I am interested in joining the reserves. Where is the closest unit to Prince Rupert, BC?


----------



## mariomike (24 Nov 2016)

TheJBJester said:
			
		

> I am interested in joining the reserves. Where is the closest unit to Prince Rupert, BC?



Reserve Jobs
•39 Canadian Brigade Group (Headquartered in Vancouver)
•39 Combat Engineer Regiment (North, Vancouver, Chilliwack, Trail) 
•39 Service Battalion (Victoria, Richmond)
•39 Signal Regiment (Vancouver, Victoria, Nanaimo) 
•4th Canadian Ranger Patrol Group covers British Columbia, Alberta, Saskatchewan and Manitoba and is headquartered in Victoria, British Columbia.
•5th Field Regiment, RCA (Victoria, Nanaimo) 
•The Canadian Scottish Regiment (Princess Mary's) (Victoria, Nanaimo, Comox)
•The British Columbia Regiment (Duke of Connaught's Own) (Vancouver) 
•15th Field Regiment, RCA (Vancouver) 
•The Seaforth Highlanders of Canada (Vancouver)
•The British Columbia Dragoons (Kelowna and Vernon) 
•The Rocky Mountain Rangers (Kamloops, Prince George)
•The Royal Westminster Regiment (New Westminster, Chilliwack) 
http://www.army-armee.forces.gc.ca/en/jobs-careers/reserve.page

Naval Reserve Divisions
British Columbia
HMCS MALAHAT
20 Huron St
Victoria BC V8V 4R1
(250) 363-3535
Recruiting: (250) 363-3883

HMCS DISCOVERY
1200 Stanley Park Dr
Vancouver BC V6G 3E2
(604) 225-2545 ext. 2000
Recruiting: (604) 225-2545 ext. 2031
http://www.navy-marine.forces.gc.ca/en/fleet-units/reserve-divisions.page


----------



## George Wallace (25 Nov 2016)

Another resource is the PHONE BOOK, in the Government pages.


----------



## mariomike (25 Nov 2016)

George Wallace said:
			
		

> Another resource is the PHONE BOOK, in the Government pages.


----------



## BC Old Guy (25 Nov 2016)

JBJester:

Prince Rupert is a little small, and isolated, so there isn't a local Reserve unit.  I've just searched the web (you're welcome), and the only elements that are close by (sorta) are some Ranger Patrols.  These are normally community based, so may be difficult to join if you are in Prince Rupert.  From what I've found, the nearest Patrols are Terrace, Kitamat, Port Simpson, Smithers and Stewart.  If you wish to explore further, look them up on the 4 Canadian Ranger Patrol Group (4CRPG) website.

There is a detachment/sub-unit of the Rocky Mountain Rangers (RM Rang) in Prince George.  At one time there were hints that the Navy was considering a Naval Reserve presence in Prince Rupert, but I think that has been overtaken by events.  If you are in Prince Rupert, you will have a better chance of hearing about any developments than I would - since I'm retired, and is in the Fraser Valley.

Good luck on your search.

(minor edit - correct typo)

BCOG


----------



## dimsum (25 Nov 2016)

George Wallace said:
			
		

> Another resource is the PHONE BOOK, in the Government pages.



I'd bet you dollars to donuts that if you put a White Pages or Yellow Pages in front of someone under 25, s/he would have no idea what to do with it.


----------



## George Wallace (25 Nov 2016)

I wouldn't doubt it.

Right now, the kids delivering Flyers to my house have no idea what a mailbox is.  Instead of placing them in the mailbox beside the door, they just throw them on the step.  I get everyone's flyers on the street every Spring up against my fence when the snow melts.  (But I blame Canada Post for that; with their Super Boxes, and no home delivery.)


----------



## TheJBJester (27 Nov 2016)

George Wallace said:
			
		

> Another resource is the PHONE BOOK, in the Government pages.



Thank you for your input, George.

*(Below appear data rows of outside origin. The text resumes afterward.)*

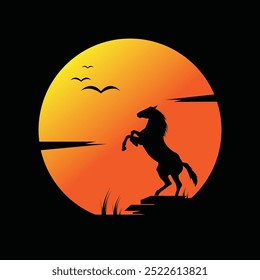 Black horse silhouette logo on sunset background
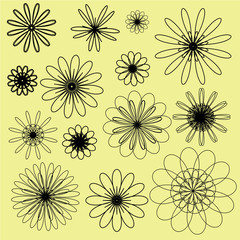 Black vector doodle flowers on the soft yellow background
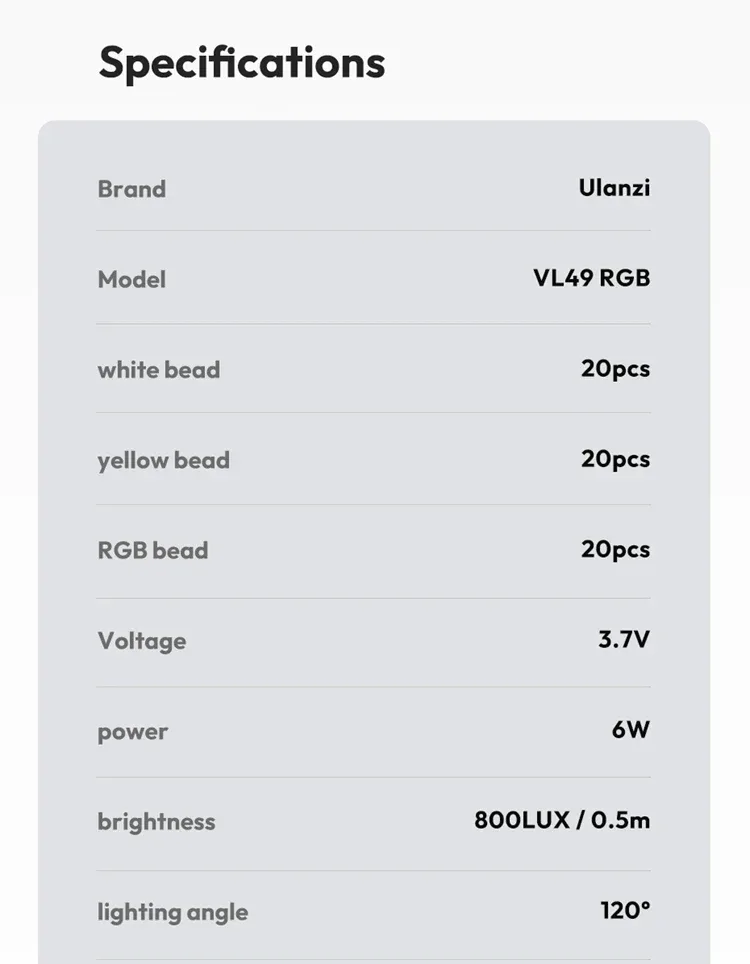 Ulanzi VL49 RGB Video Lights Mini LED Camera Light 2000mAh Rechargable LED Panel Lamp Photo Video Lighting for Youtube Tik tok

Given the evolution of communication in the last couple decades, it seems to be a lot easier to get answers on the internet nowadays. I have in fact called various departments with the CAF and had no replies to my messages; here I almost immediately had 6, including yours.

I'd like to note that applications to Reg Force is no longer possible in person, by hand, or on paper: All online now.

Good luck


----------



## TheJBJester (27 Nov 2016)

Dimsum said:
			
		

> I'd bet you dollars to donuts that if you put a White Pages or Yellow Pages in front of someone under 25, s/he would have no idea what to do with it.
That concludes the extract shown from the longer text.